▶ _Supplied data_:
* * * * *

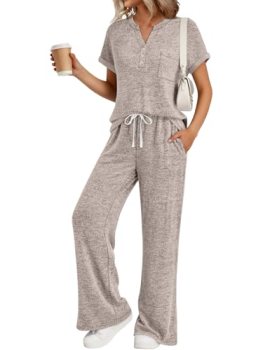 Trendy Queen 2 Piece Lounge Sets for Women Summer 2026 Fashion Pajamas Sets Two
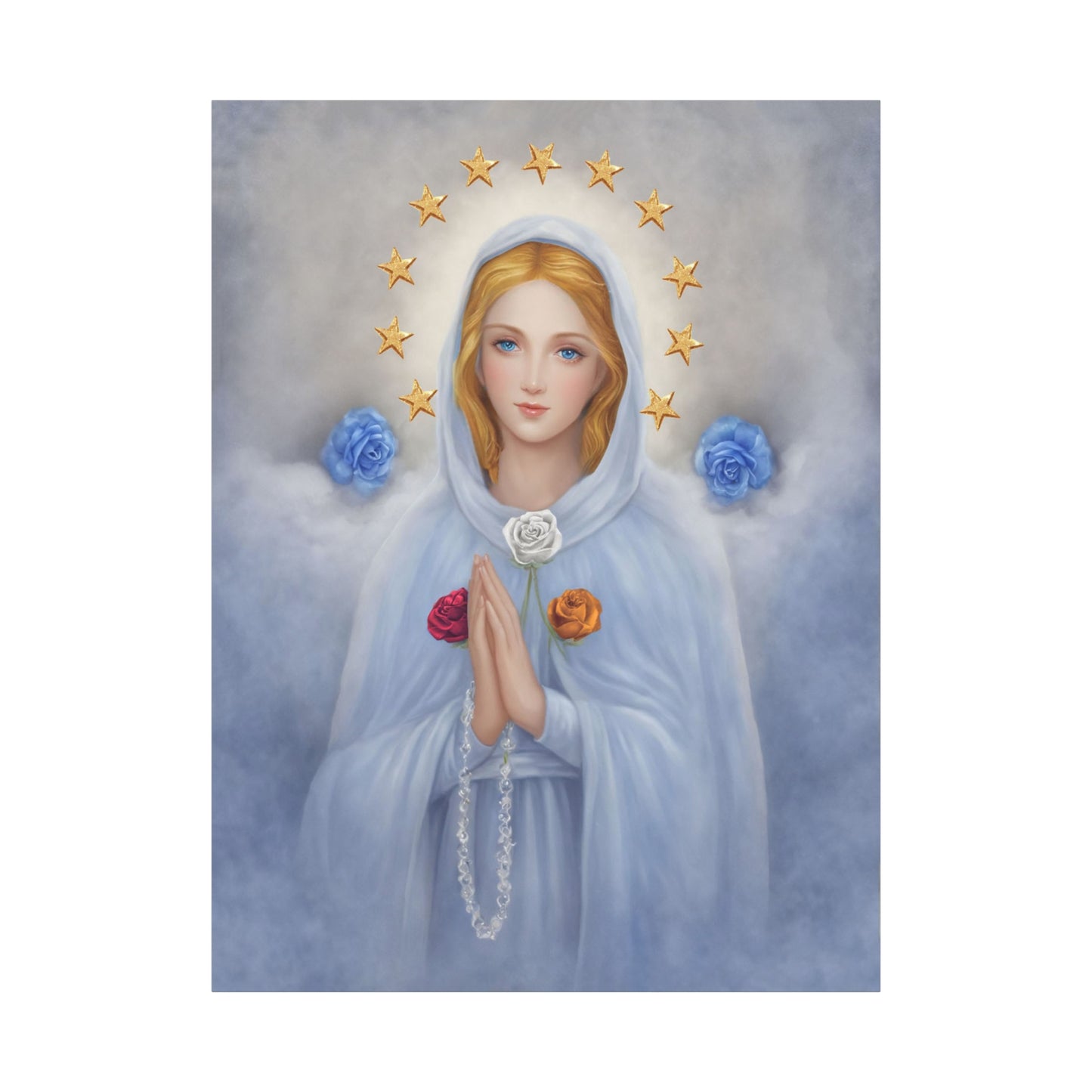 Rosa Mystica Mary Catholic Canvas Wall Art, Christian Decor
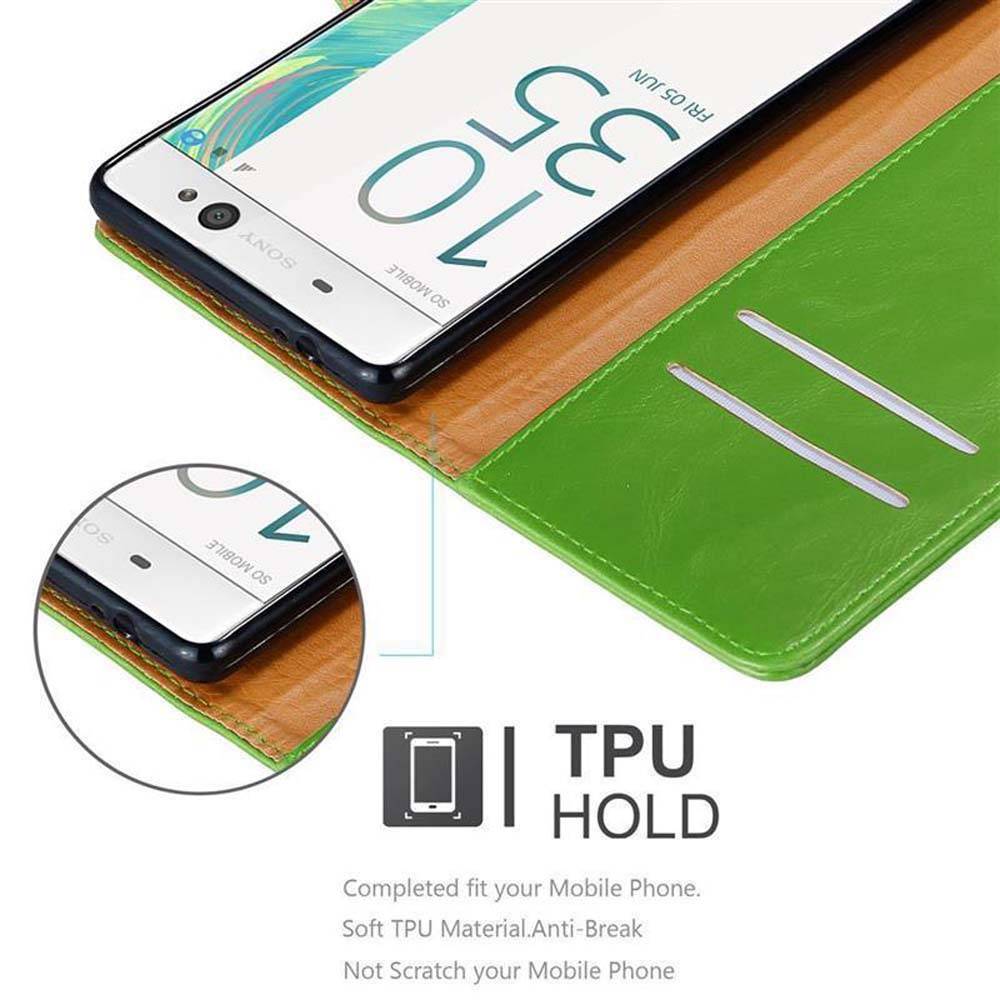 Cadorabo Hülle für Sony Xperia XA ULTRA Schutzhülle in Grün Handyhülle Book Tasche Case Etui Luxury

* * * * *

▶ _Your instructions_:
Restate the listing above word for word and skip each picture.

▶ _Result below_:
 Trendy Queen 2 Piece Lounge Sets for Women Summer 2026 Fashion Pajamas Sets Two
 Rosa Mystica Mary Catholic Canvas Wall Art, Christian Decor
 Cadorabo Hülle für Sony Xperia XA ULTRA Schutzhülle in Grün Handyhülle Book Tasche Case Etui Luxury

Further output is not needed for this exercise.